Your objective:
From the records below, copy out exactly the lines from the one containing "indian mackerel" to the one containing "DNA GENETICS - Holy Grail Kush", both included. Add nothing else.
== Material provided ==
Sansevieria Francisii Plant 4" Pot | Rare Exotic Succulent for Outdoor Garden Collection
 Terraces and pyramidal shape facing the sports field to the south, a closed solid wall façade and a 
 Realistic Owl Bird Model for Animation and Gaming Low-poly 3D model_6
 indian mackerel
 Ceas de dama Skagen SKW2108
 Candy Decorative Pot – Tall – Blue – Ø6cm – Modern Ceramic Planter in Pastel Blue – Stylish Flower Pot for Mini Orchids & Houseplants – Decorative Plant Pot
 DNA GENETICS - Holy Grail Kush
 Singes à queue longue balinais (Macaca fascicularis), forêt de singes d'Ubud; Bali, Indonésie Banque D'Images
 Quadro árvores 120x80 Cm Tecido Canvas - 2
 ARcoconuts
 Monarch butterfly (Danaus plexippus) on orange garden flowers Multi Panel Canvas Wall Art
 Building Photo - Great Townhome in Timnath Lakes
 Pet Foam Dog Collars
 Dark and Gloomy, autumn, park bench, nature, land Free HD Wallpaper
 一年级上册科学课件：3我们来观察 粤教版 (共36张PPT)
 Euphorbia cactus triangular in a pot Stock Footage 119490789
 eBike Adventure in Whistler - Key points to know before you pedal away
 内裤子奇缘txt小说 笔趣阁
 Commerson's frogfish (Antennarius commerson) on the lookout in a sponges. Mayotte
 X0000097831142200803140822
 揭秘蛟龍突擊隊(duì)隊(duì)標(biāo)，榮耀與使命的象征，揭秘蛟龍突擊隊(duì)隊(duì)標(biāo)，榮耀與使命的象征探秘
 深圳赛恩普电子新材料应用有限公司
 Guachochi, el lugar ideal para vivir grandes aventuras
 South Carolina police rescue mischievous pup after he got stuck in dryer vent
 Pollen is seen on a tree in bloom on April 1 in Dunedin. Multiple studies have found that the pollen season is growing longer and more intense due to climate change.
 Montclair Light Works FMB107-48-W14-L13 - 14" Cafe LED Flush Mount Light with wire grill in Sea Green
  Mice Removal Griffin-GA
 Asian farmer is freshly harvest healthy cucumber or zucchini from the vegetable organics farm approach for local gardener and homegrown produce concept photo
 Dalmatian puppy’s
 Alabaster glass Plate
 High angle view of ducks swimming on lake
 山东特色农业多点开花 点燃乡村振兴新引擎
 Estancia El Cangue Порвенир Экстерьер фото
===
Response to the task:
 indian mackerel
 Ceas de dama Skagen SKW2108
 Candy Decorative Pot – Tall – Blue – Ø6cm – Modern Ceramic Planter in Pastel Blue – Stylish Flower Pot for Mini Orchids & Houseplants – Decorative Plant Pot
 DNA GENETICS - Holy Grail Kush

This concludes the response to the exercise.